Retirement planning isn't easy. But with our list

Saving for retirement is getting more complicated every day. As opportunities increase, so do pitfalls. Clients may need more help than ever in keeping their retirement plans on schedule.

Take the events of the past few months. Market losses, layoffs, company bankruptcies, and new legislation have added variables to the retirement picture. Advisors have a tremendous opportunity to assist their clients in the management of their 401(k) assets; they also may have new opportunities to play a more active role in 401(k) plans themselves (see related article on page 20). They can also exert influence and provide advice to their business-owner clients on their companies' retirement savings plans.

Surveys on Americans and retirement have produced some very disturbing data of late. According to the 2001 Transamerica Retirement Survey (available at www.ta-retirement.com), people are willing to cut back on their current lifestyles to increase retirement funding, and already contribute to retirement savings plans at work and on their own. However, 40% of the survey's respondents say they do not know how much money it will take to make them feel secure in retirement. Not only that, but nearly 40% say that they guessed at the figure they are using for a savings goal.

"A fairly significant proportion of workers feel they will be secure with modest amounts," says Matthew Greenwald of Matthew Greenwald & Associates, which conducted the survey. After pointing out that "retirement can easily last 20 or even 30 years," he notes dryly, "You're more likely to hit a target if you have one."
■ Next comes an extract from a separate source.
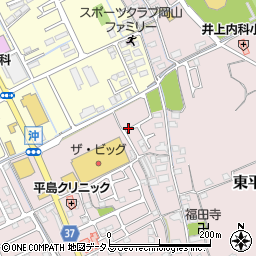 岡山県岡山市東区東平島999周辺の地図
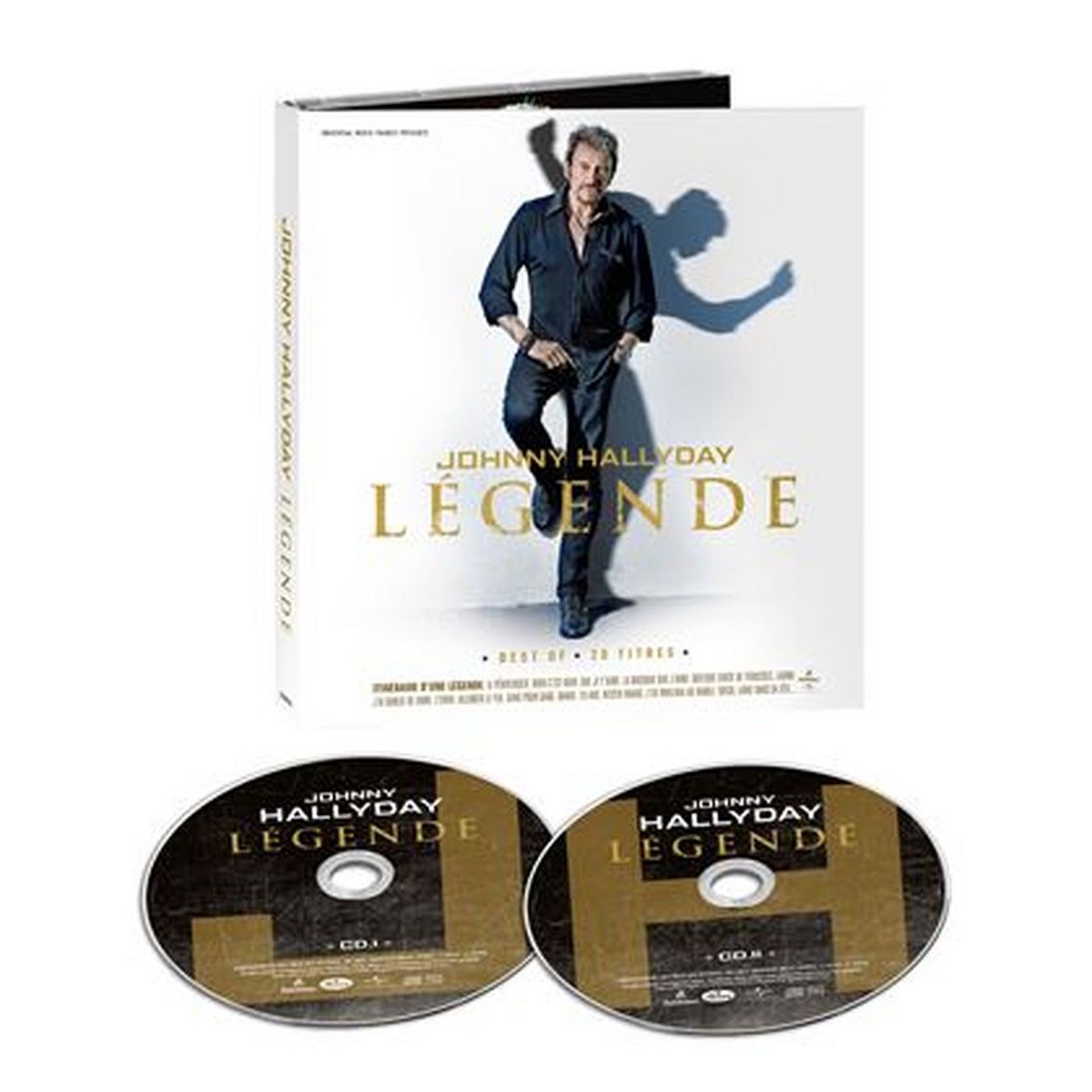 Johnny Hallyday - J.Hallyday Légende Best of 20 titres CD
For most people, it's not beyond their abilities to save. Greenwald points out that in a separate retirement confidence survey, participants were asked whether they could save an additional $20 for retirement per week. "Most say they can. We then ask what they would give up," says Greenwald. "They'd do less entertainment, eat out less, smoke less. They'd do less fast food. If people saved more for retirement, the main thing they'd give up is cholesterol."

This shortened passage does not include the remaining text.